Twelve days later, Australia’s government did something remarkable. Led by
newly elected conservative Prime Minister John Howard, it announced a
bipartisan deal with state and local governments to enact sweeping gun-
control measures. A decade and a half hence, the results of these policy
changes are clear: They worked really, really well.
At the heart of the push was a massive buyback of more than 600,000 semi-
automatic shotguns and rifles, or about one-fifth of all firearms in
circulation in Australia. The country’s new gun laws prohibited private
sales, required that all weapons be individually registered to their owners,
and required that gun buyers present a “genuine reason” for needing each
weapon at the time of the purchase. (Self-defense did not count.) In the
wake of the tragedy, polls showed public support for these measures at
upwards of 90 percent.
What happened next has been the subject of several academic studies. Violent
crime and gun-related deaths did not come to an end in Australia, of course
. But as the Washington Post’s Wonkblog pointed out in August, homicides by
firearm plunged 59 percent between 1995 and 2006, with no corresponding
increase in non-firearm-related homicides. The drop in suicides by gun was
even steeper: 65 percent. Studies found a close correlation between the
sharp declines and the gun buybacks.
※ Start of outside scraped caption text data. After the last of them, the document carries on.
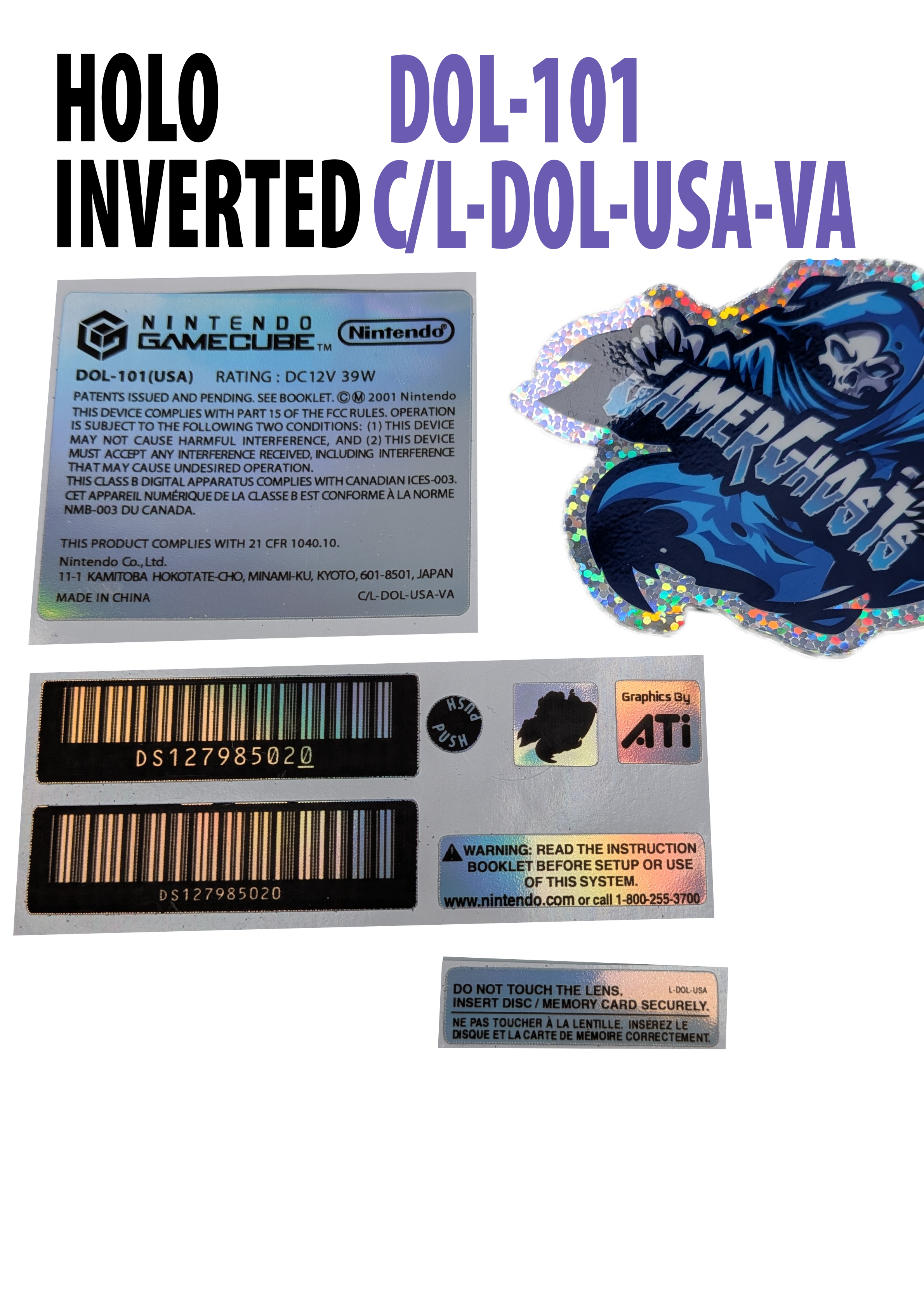 Nintendo GameCube Console Label / Decal / Sticker Set - USA / CAN - NTSC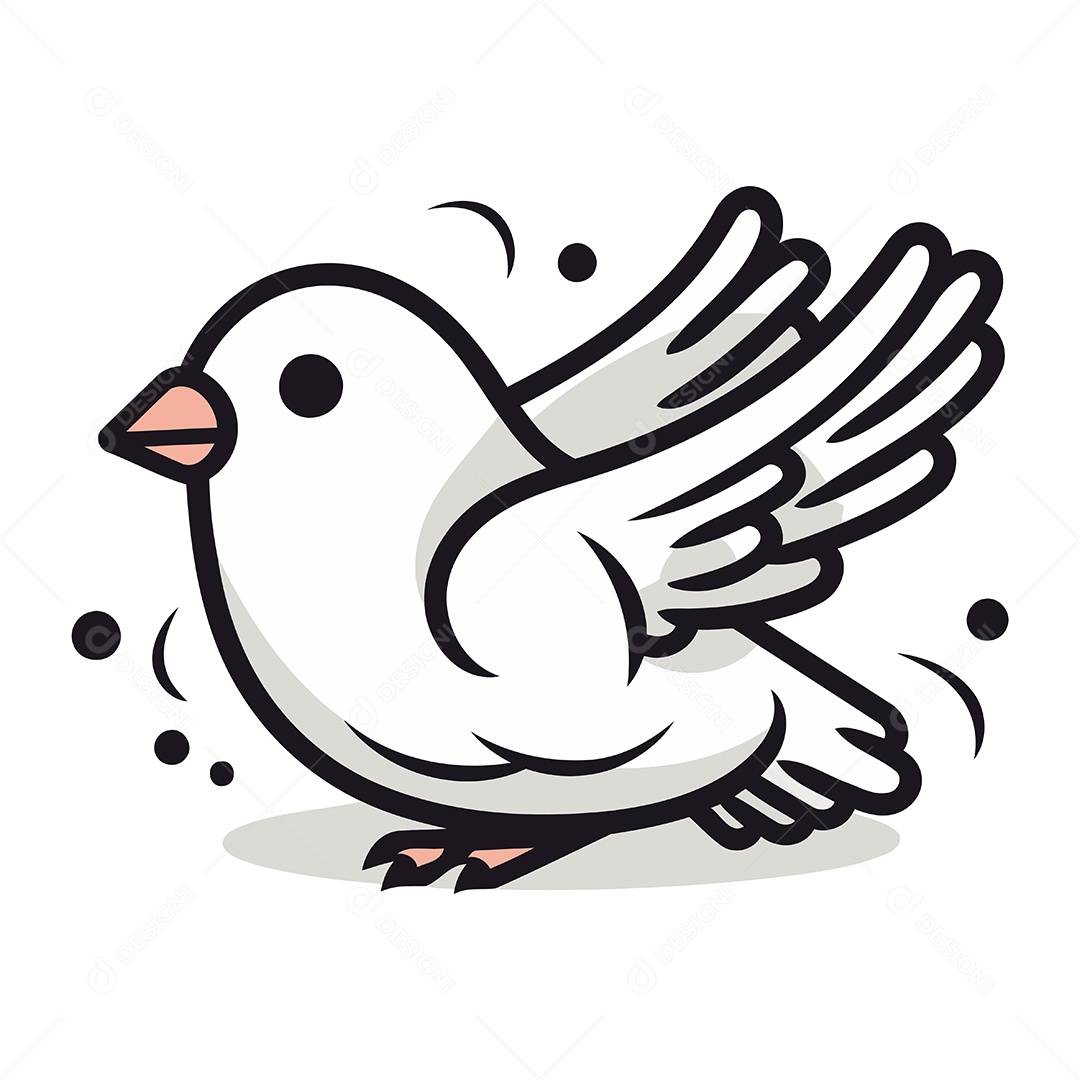 Pomba Branca Fofa de Desenho Animado Ilustração Vetor EPS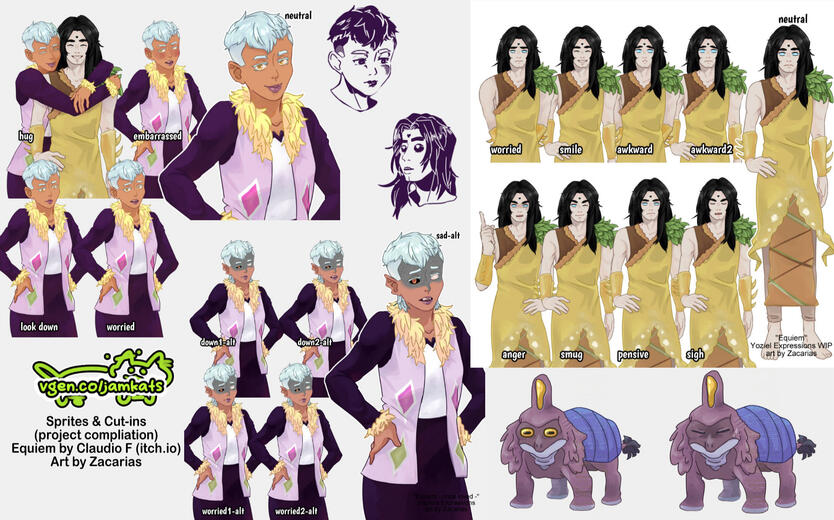 Compilation of assets (primarily sprites) drawn for Equiem -once loved- (2026)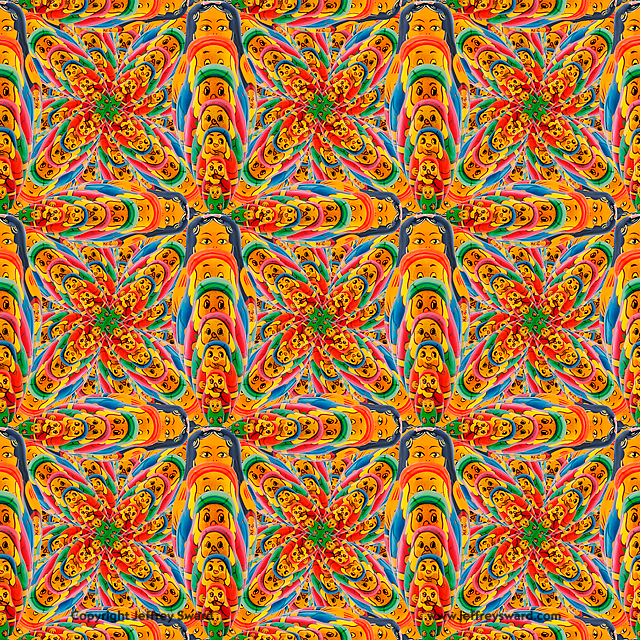 Snow white and seven dwarves nested dolls kaleidoscope Pattern Created by Jeffrey Sward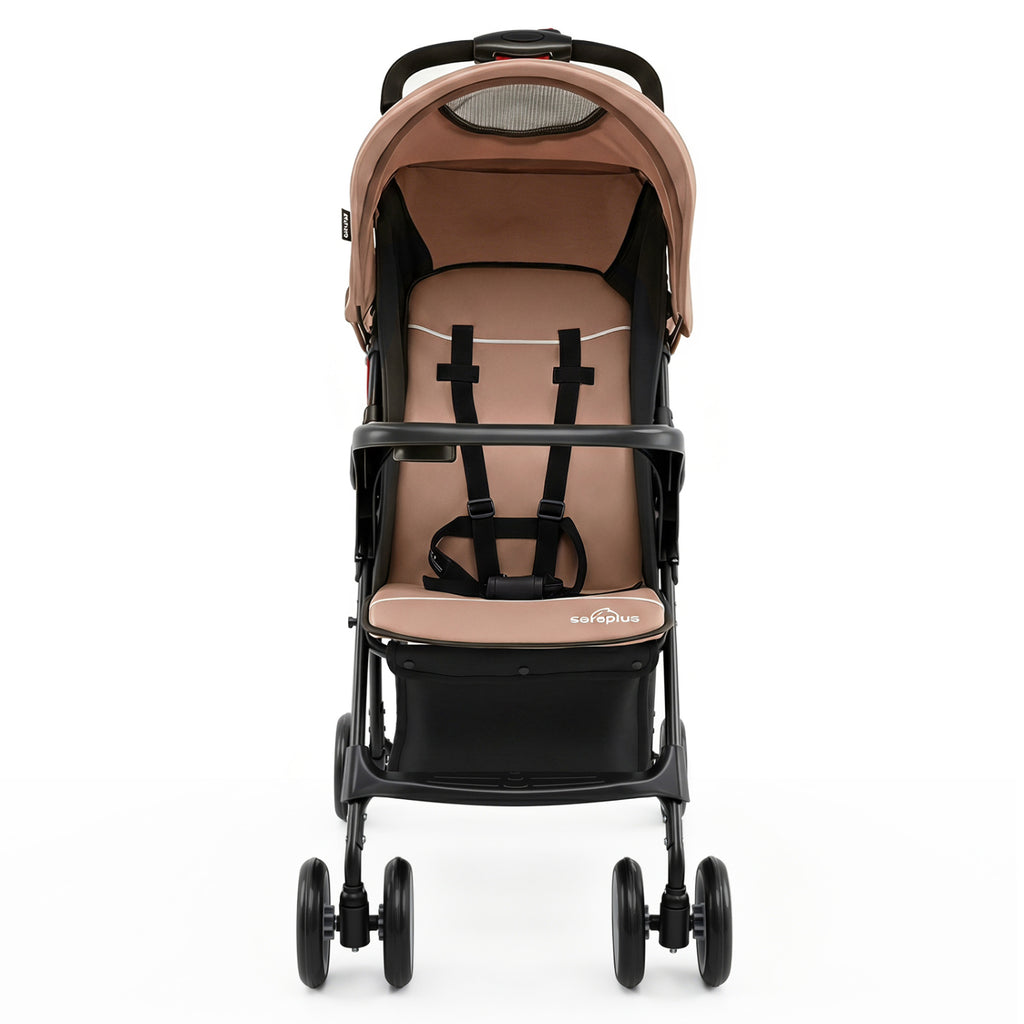 Toddler Compact Travel Stroller with Canopy and Adjustable Backrest - 2 Positions, Brown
Robberies involving a firearm also
dropped significantly. Meanwhile, home invasions did not increase, contrary
to fears that firearm ownership is needed to deter such crimes. But here’s
the most stunning statistic. In the decade before the Port Arthur massacre,
there had been 11 mass shootings in the country. There hasn’t been a single
one in Australia since.
There have been some contrarian studies about the decrease in gun violence
in Australia, including a 2006 paper that argued the decline in gun-related
homicides after Port Arthur was simply a continuation of trends already
under way. But that paper’s methodology has been discredited, which is not
surprising when you consider that its authors were affiliated with pro-gun
groups. Other reports from gun advocates have similarly cherry-picked
anecdotal evidence or presented outright fabrications in attempting to make
the case that Australia’s more-restrictive laws didn’t work. Those are
effectively refuted by findings from peer-reviewed papers, which note that
the rate of decrease in gun-related deaths more than doubled following the
gun buyback, and that states with the highest buyback rates showed the
steepest declines. A 2011 Harvard summary of the research concluded that, at
the time the laws were passed in 1996, “it would have been difficult to
imagine more compelling future evidence of a beneficial effect.”
Whether the same policies would work as well in the United States—or
whether similar legislation would have any chance of being passed here in
the first place—is an open question. Howard, the conservative leader behind
the Australian reforms, wrote an op-ed in an Australian paper after
visiting the United States in the wake of the Aurora shootings. He came away
convinced that America needed to change its gun laws, but lamented its lack
of will to do so.
There is more to this than merely the lobbying strength of the National
Rifle Association and the proximity of the November presidential election.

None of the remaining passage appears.